***** DATA PROVIDED
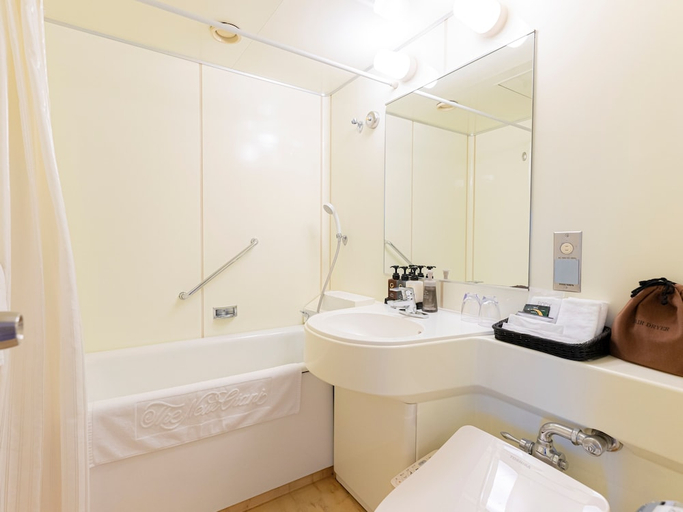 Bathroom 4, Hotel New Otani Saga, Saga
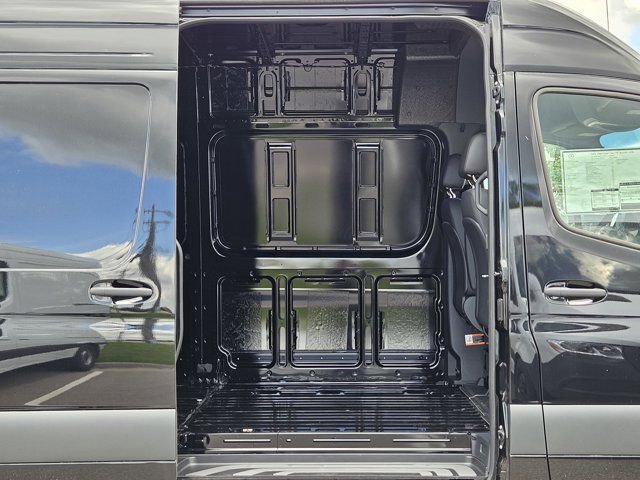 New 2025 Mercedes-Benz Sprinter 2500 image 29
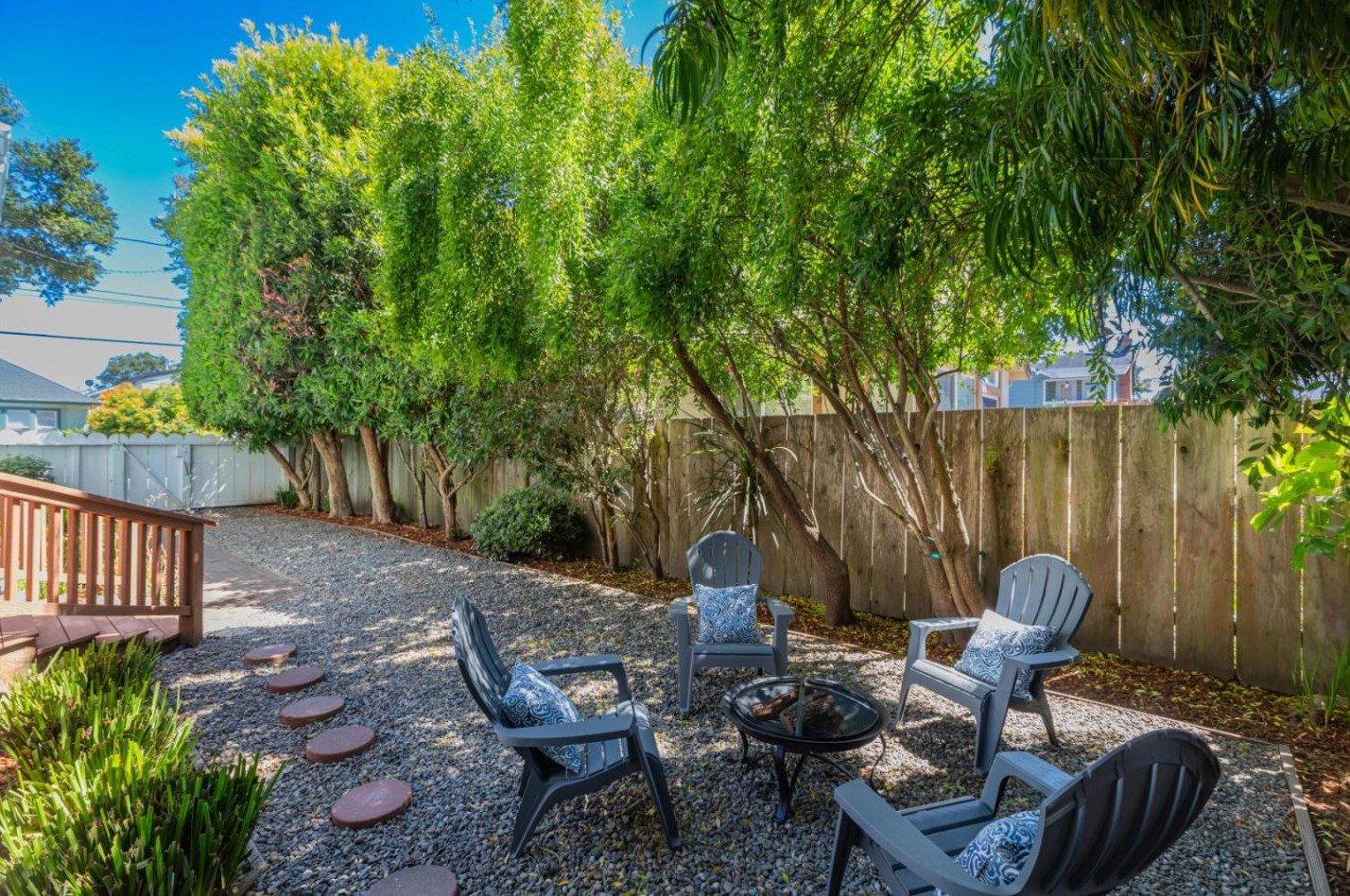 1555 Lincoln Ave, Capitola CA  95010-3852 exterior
**********
→ EXERCISE BRIEF
Restate all of the material word for word. Keep out every picture.

→ YOUR SOLUTION
 Bathroom 4, Hotel New Otani Saga, Saga
 New 2025 Mercedes-Benz Sprinter 2500 image 29
 1555 Lincoln Ave, Capitola CA  95010-3852 exterior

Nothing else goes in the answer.